1 milyar dolarlık harcamadan söz ediliyor.
Silahlı Kuvvetler bu işe girmiş, maliyetli bularak çekilmiş.
Elimde bu kadar geniş arazide çalışacak malzeme yok diyor.
Ayni zamanda bu iş tehlikeli, askerlerimizin bu işte ölmesi bu günkü ortamda iyi de olmaz.. Bence doğrusu da bu…
Mayından temizlenecek arazinin, bir İsrail şirketine verilmek istenmesi dedikodulara yol açtı..
İsrail’in Filistin yerleşim bölgelerindeki yaptıkları, katliamlar, masum olmayan genişleme politikaları kuşku uyandırıyor.
Daha önce İsrail’e dikleşen Erdoğan bu defa İsrail’i korumaya aldı...
Geçmişte azınlıklara yönelik faşizan uygulamalara getirdi sözü...
Tam bir demagoji... Dün ne dedi , bu gün ne yapmak istiyor ?...
Kaldı ki mayınları bizim gibi yap işlet devret modeliyle temizleten ve topraklarını böyle 44 yıllığına başkasına kiralayan başka bir ülke de yok..
Muhalefet, GAP’tan sonra Suriye sınırına yönelik niyetleri sorguluyor.
Bu işi bilenler diyorlar ki; Mayın temizleme konusunda uzman olan NATO’nun İkmal ve Bakım Teşkilatı’na (NAMSA) ihale edilmesi, tarıma açılacak arazinin ise toprakçı köylü ve çiftçilerce ya da, yatırım yapacak TC vatandaşı sanayicilerce işletilmesi öneriliyor.
Ben derim ki ;
Türkiye 1 milyar dolar bulamıyorsa, Tarıma açılacak topraklarını 44 yıllığına 1 milyar dolara kiralamış olmayacak mı?”
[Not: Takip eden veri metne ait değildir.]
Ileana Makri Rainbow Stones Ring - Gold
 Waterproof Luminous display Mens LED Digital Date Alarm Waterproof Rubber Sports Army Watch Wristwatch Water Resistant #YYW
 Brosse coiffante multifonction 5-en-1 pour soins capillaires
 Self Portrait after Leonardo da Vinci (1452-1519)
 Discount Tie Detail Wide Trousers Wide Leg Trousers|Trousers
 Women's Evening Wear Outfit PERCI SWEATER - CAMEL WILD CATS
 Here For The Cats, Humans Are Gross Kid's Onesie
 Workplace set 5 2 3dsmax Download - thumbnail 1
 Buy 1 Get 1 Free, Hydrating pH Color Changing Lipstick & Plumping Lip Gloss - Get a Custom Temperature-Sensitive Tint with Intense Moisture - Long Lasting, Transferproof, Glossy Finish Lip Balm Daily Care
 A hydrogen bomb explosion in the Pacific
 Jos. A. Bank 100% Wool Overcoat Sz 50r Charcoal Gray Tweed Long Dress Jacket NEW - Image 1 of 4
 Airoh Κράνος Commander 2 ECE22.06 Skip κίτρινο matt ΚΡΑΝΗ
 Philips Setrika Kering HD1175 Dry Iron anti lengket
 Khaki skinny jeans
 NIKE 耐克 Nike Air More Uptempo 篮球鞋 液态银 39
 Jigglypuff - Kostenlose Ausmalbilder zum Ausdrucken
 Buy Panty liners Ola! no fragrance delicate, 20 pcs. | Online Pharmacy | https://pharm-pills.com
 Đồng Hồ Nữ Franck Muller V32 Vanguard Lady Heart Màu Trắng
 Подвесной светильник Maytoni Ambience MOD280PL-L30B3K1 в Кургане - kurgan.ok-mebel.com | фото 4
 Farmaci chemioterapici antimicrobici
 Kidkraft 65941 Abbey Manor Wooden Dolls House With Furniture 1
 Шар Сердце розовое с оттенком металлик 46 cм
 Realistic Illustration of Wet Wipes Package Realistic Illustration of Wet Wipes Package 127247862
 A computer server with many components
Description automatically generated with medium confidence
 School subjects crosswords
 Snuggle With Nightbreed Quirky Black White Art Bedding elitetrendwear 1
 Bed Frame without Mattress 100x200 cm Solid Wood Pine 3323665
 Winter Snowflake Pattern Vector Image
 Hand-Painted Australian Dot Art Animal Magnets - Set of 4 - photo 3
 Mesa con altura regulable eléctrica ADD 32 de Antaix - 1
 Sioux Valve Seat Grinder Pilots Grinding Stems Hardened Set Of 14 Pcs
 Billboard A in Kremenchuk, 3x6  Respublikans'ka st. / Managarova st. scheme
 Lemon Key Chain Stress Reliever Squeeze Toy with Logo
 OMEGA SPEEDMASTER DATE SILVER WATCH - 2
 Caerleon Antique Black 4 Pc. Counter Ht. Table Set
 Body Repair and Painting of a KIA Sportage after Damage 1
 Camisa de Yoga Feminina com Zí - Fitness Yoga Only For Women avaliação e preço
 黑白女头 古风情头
Böylesine stratejik bir bölgede hiçbir yabancı şirketin, yarım yüzyılda 880 milyon dolar kazanmak, yalnızca tarım yapmak peşinde olmayacağını düşünüyorum..”
Ekolojik tarıma açılacak sınırın mayınlardan temizlenmesi çok önemli.
Geç bile kalındı.
Hükümet, İsrailli bir firmayla anlaşarak bu yasayı çıkarmak istiyorsa bunu aydınlatması gerekiyor. Bu iş doğru mu değil mi?
Deniz Feneri’nde olduğu gibi bu işte de kakaküllüler olmamalıdır....
Millet yine uyutulmamalıdır..
Sayın Başbakan, efelik yapıp, İsrail Cumhurbaşkanına “One minute” dedikten sonra İsrail ile anlaşması inandırıcı olmuyor.
Önemli olan, bu toprakların bölge insanı tarafından kullanılması.
Türkiye mayınları temizlesin ve araziyi kendisi kullansın.
Güneydoğu’daki büyük bir adım atılırken, aşiret düzenine karşı, “toprak reformu”nu da hatırlayıp, tartışmalıyız.
Bununda sırası çoktan geldi, hatta geçiyor.